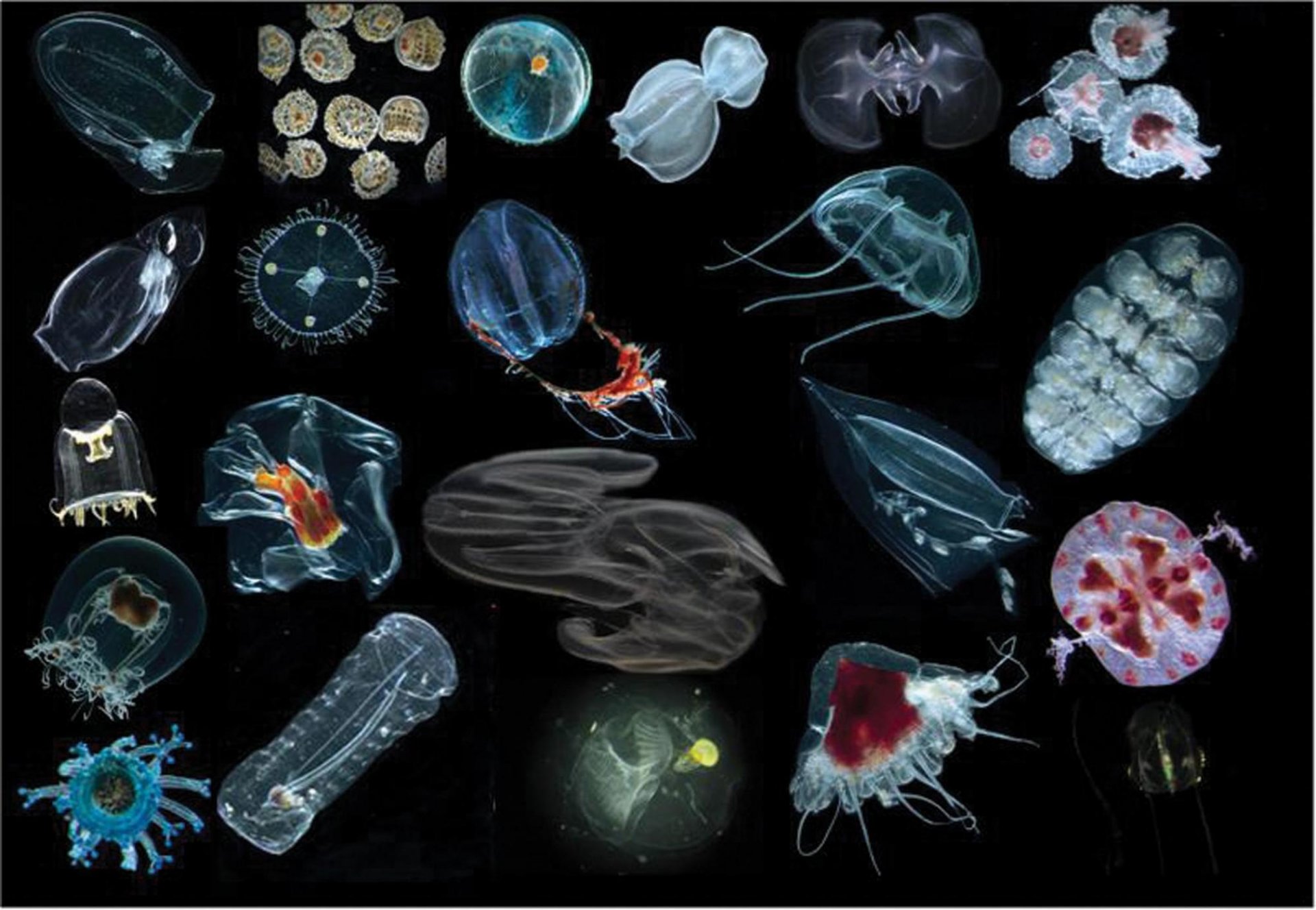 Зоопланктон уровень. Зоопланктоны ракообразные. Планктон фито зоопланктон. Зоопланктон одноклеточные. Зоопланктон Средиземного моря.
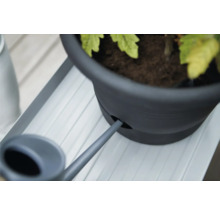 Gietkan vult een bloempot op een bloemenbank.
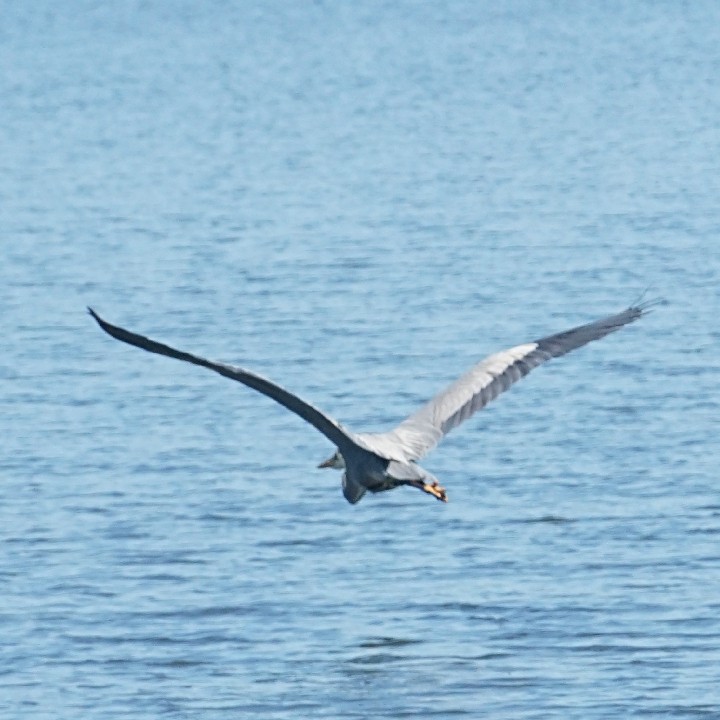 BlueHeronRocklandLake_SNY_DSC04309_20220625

····················

### REQUIRED ACTION
I need the lines from the line holding "Gietkan vult een" through the end of the material, inclusive, restated word for word and without pictures.

### WRITTEN ANSWER
 Gietkan vult een bloempot op een bloemenbank.
 BlueHeronRocklandLake_SNY_DSC04309_20220625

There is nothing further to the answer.